Kubernetes Autoscaler

Reading Time: 4 minutes

Scaling Kubernetes nodes is not an easy task. Therefore, we are happy to announce a new service that will remove all of this complexity and frustration, Elastigroup “Kubernetes AutoScaler”.

The Challenge of Scaling Containers on top of Kubernetes

Kubernetes topology is built on a Kubernetes master that is responsible for maintaining the desired state for your cluster. When it comes to scaling containers, you need to ensure it scales efficiently. Let’s take a look at an example: say your k8s cluster runs 10 nodes of c3.large (2 vCPUs and 3.8 GiB of RAM) and 10 nodes of c4.xlarge (4 vCPUs and 7.5 GiB of RAM), so your total vCPUs is 60*1024 = 61,440 CPU Units and the total RAM is 113 GiB.

However, what happens if a single pod requires 16 GiB of RAM? Even though you have plenty of RAM and CPU, it still won’t start. To solve that, please allow me to introduce the two most important concept of Containerized applications scaling

  1. Tetris Scaling
  2. Headroom

Tetris Scaling

When a pod is launched in Kubernetes, the scheduler tries to find free capacity for the pod to run. In some cases, however, there aren’t enough resources to meet the pod’s demands. When a pod is failed to start, Kubernetes writes events that describe why the pod was unable to run properly. The most common error events are:

No nodes are available that match all of the following predicates:: 
PodToleratesNodeTaints

No nodes are available that match all of the following predicates::
Insufficient cpu, PodToleratesNodeTaints.

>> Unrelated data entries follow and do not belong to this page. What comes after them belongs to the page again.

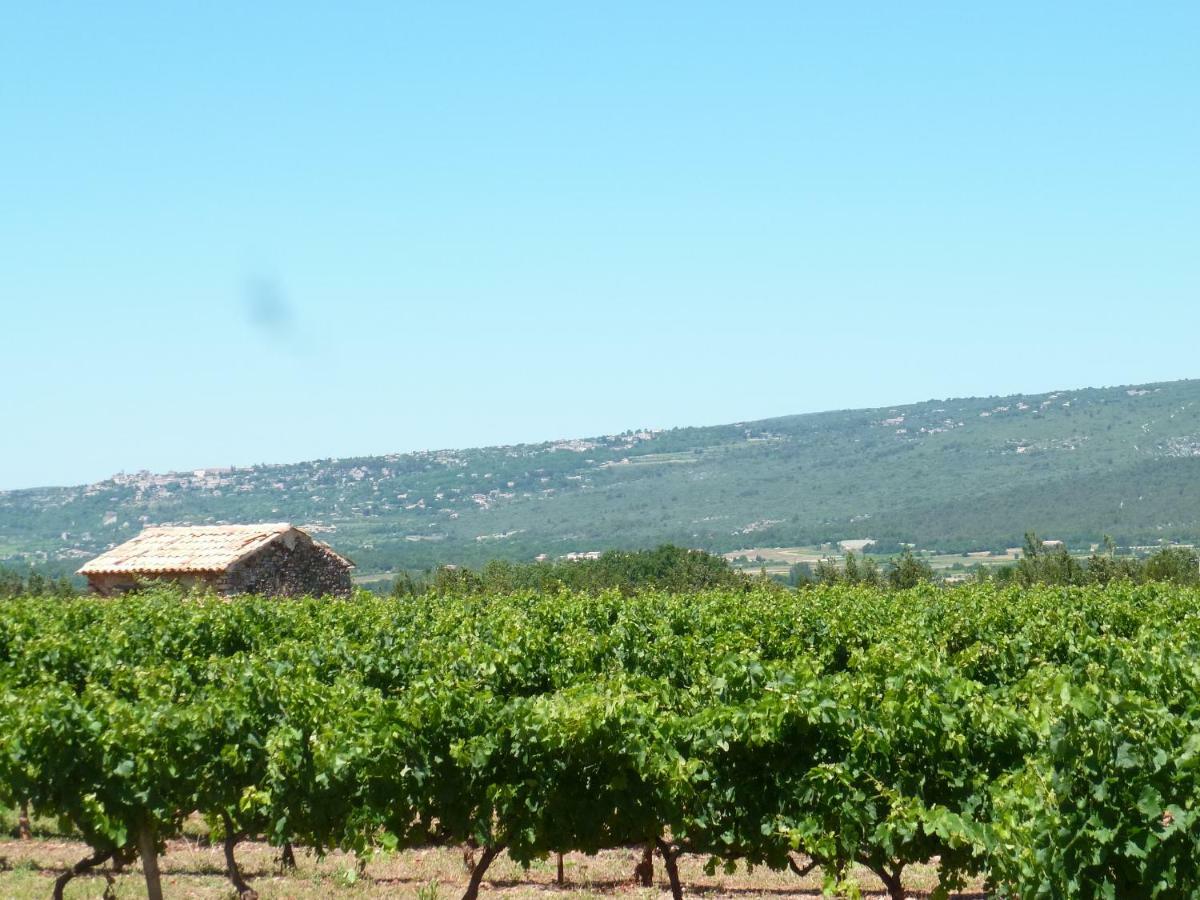 Luberon & Lavandes Roussillon  Exterior photo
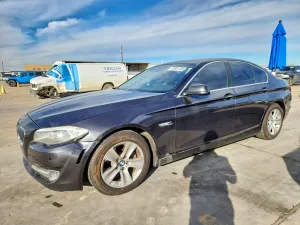 2013 BMW 5 SERIES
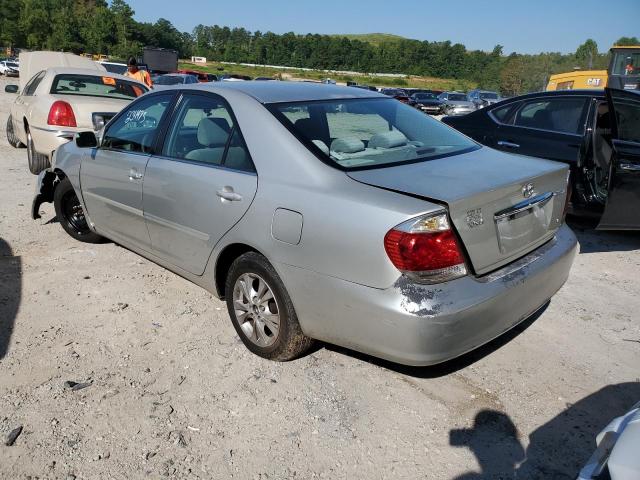 4T1BF32K15U099348 - 2005 TOYOTA CAMRY LE GRAY photo 3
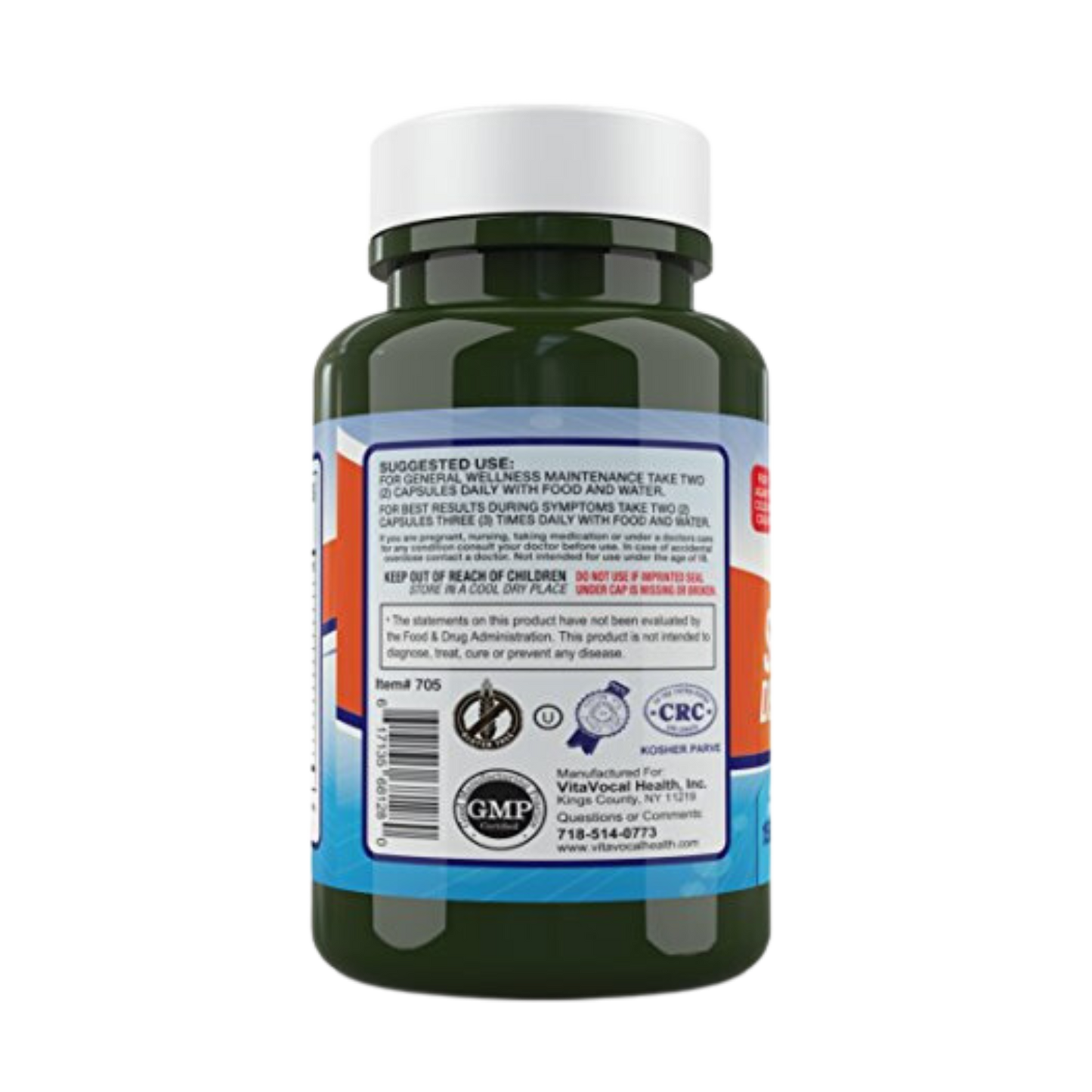 Super Defense Immune Booster Best Vitamins and Supplements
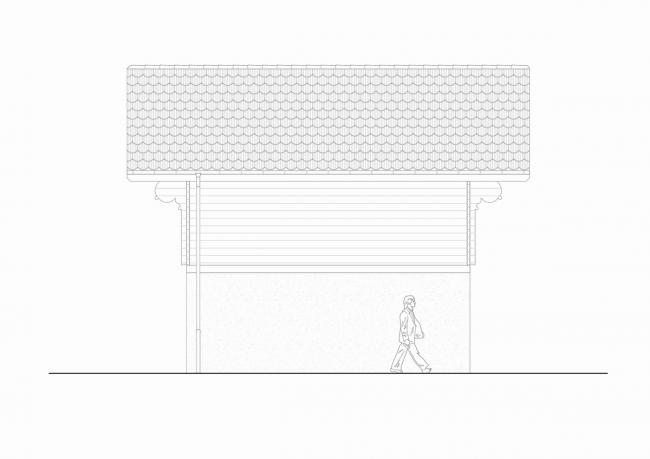 BIM建筑|巴雷特师长教师的家，“戏精版”空间设计 / Daniel Zamarbide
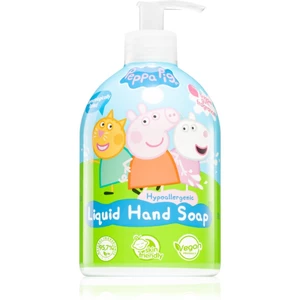Peppa Pig Hand Soap tekuté mýdlo na ruce 500 ml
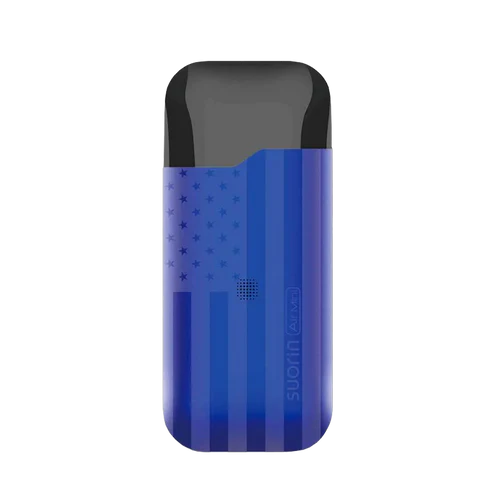 Best Deal Suorin Air Mini Kit - Star Spangled Blue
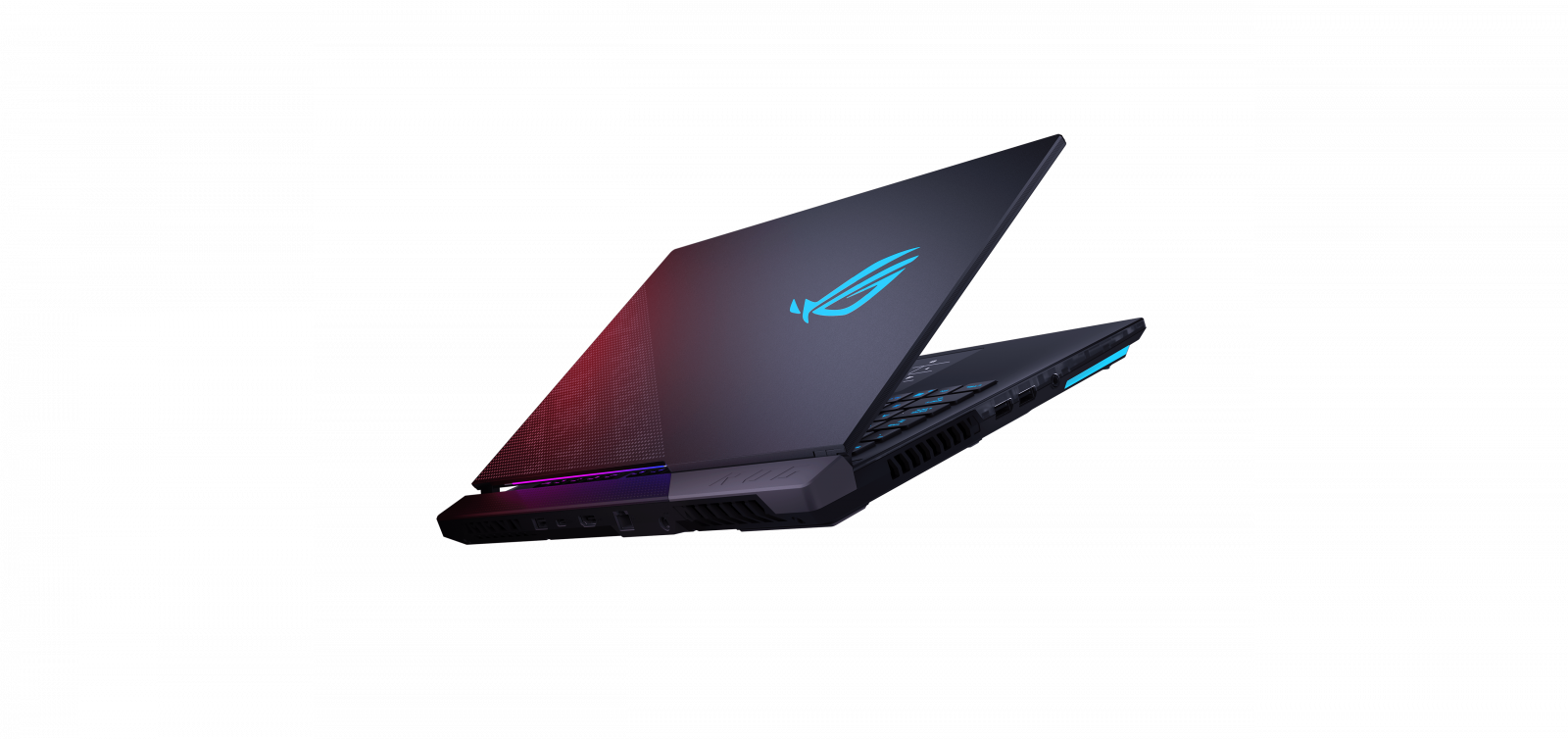 Лаптоп Asus ROG Strix SCAR 17 G733QS-HG015T (90NR0591-M04290), осемядрен AMD Ryzen 9 5900HX 3.3/4.6GHz, 17.3" (43.94 cm) Full HD IPS 300Hz Anti-Glare Display & GF RTX 3080 16GB, (HDMI), 32GB DDR4, 1TB SSD, 1x USB 3.2 Gen 2 Type C, Windows 10 Home - характеристика 6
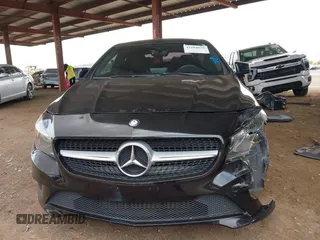 2016 Mercedes-Benz CLA with VIN WDDSJ4EB0GN323023, listed as a IAAI auction lot 41804035 with 76,970 mi miles. Bid and sale history available at carsss.com. Image 6.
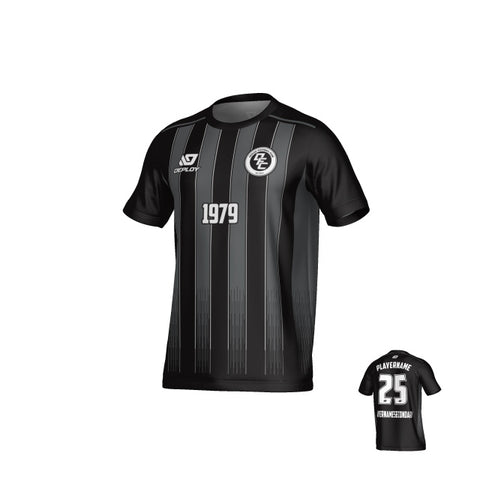 Classic Jersey - Black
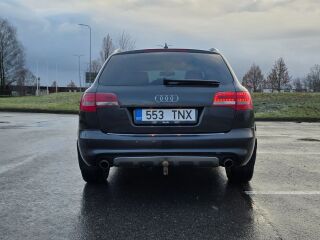 Audi A6 allroad Quattro 3.0 V6 TDI 176kW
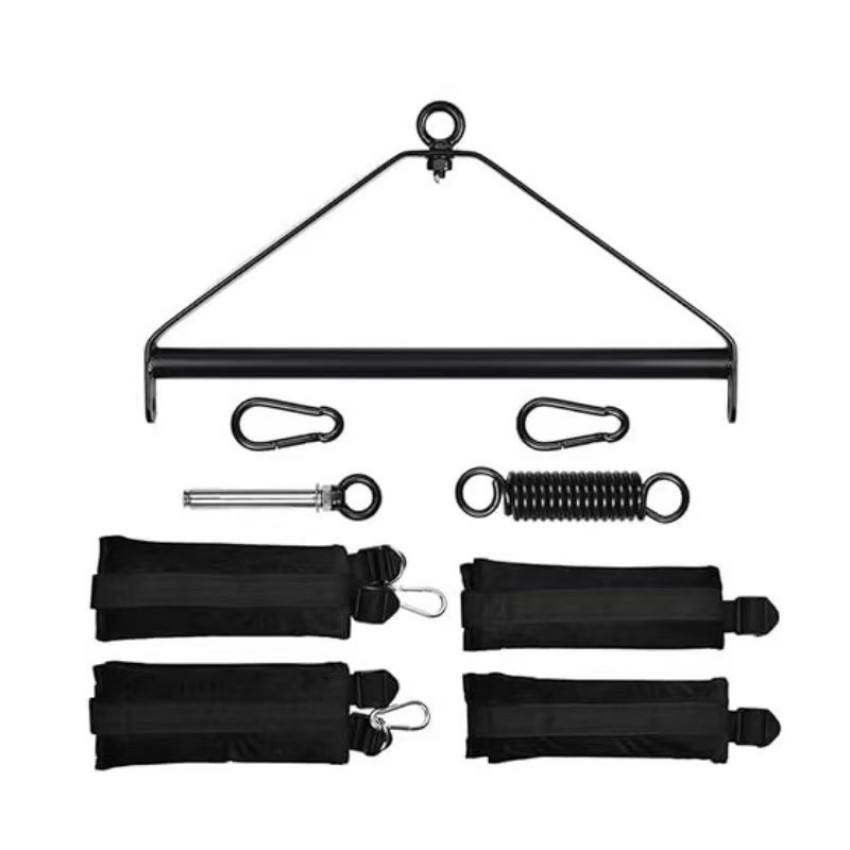 Premium Couples Swingger with Metal Rod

No nodes are available that match all of the following predicates::
Insufficient memory, PodToleratesNodeTaints

Elastigroup’s Kubernetes Autoscaler automatically detects these events and launches additional instances of the relevant size and type. For example, if a pod requires 10 GiB of RAM and the Elastigroup configured with 4 different Instances  [m3.large, c3.large, c4.large, m3.xlarge] the Autoscaler will pick up the instance with the most sufficient amount of RAM & CPU that meet with the pod requirements, in this case, m3.xlarge.

Headroom

Headroom is a buffer of spare capacity (in terms of both memory and CPU) used to ensure that whenever we want to scale more pods,  we don’t have to wait for new instances while also preventing instances from being over-utilized. Each headroom unit consists of two definitions: one for CPU units “cpuPerUnit” (1024 units = 1 vCPU) and one for Memory “memoryPerUnit” (in MiB). In addition, you can also define the number of headroom units you want to reserve in the cluster. For example, let’s say that we define the headroom unit to consist of 512 MiB of Memory and 1024 CPU units, and require a total of 10 units. On top of that, let’s assume the cluster consists of 3 instances. The AutoScaler will verify the total sum of units throughout the entire cluster and check if it meets the required number configured for the group. For example, if the first instance has 2 whole free headroom units (in our example it means at least 2048 MiB and 2048 CPU units), the second instance has 3 whole units and the third has 5 whole units, then the cluster has a total of 10 free headroom units. In this case, no scale-up will be performed. However, if the first instance will have 2 free units, the second instance will have 3 free units but the third will have only 4 free units, then the cluster will have a total of 9 free units. In this case, the group requires 10 free units so this will trigger a scale-up activity.

Get Started

  1. Go to Elastigroup-> Edit-> Compute -> Expand the “Integrations” portion in the Compute tab and enable the Kubernetes integration
  2. Insert the IP/FQDN of your Kubernetes Master and token for more information please see: Creating Kubernetes Bearer Token
  3. Insert the scaling properties
    • Cooldown – The time (in seconds) after a scaling activity completes before another scaling activity can start
    • Evaluation Period – The number of consecutive periods that should pass before scaling down
    • Headroom – The number of headroom units to keep available at all times on your Kubernetes cluster
    • CPU Headroom – the number of CPU units reserved for each headroom unit
    • Memory Headroom – The amount of memory(MB) units reserved for each headroom unit

API & CloudFormation configuration

“group” {
...
"thirdPartiesIntegration": {
 "kubernetes": {
 "apiServer": "https://example.host.com",
 "token": "abcd1234",
 "autoScale": {
 "isEnabled": true,
 "cooldown": 180,
 "down": {
 "evaluationPeriods": 5
 },
 "headroom": {
 "cpuPerUnit": 1024,
 "memoryPerUnit": 256,
 "numOfUnits": 10
       }
     }
   }
 }
...
}

Scale Down

The Autosscaler monitors the cluster and finds idle Instances. An instance is considered idle if it has less than 40% CPU and Memory utilization. When an instance is found idle for the specified amount of consecutive periods, Elastigroup will first find enough spare capacity in other instances in the cluster. It will then drain the instance pods, reschedule those on other instances, and terminate the idle instance.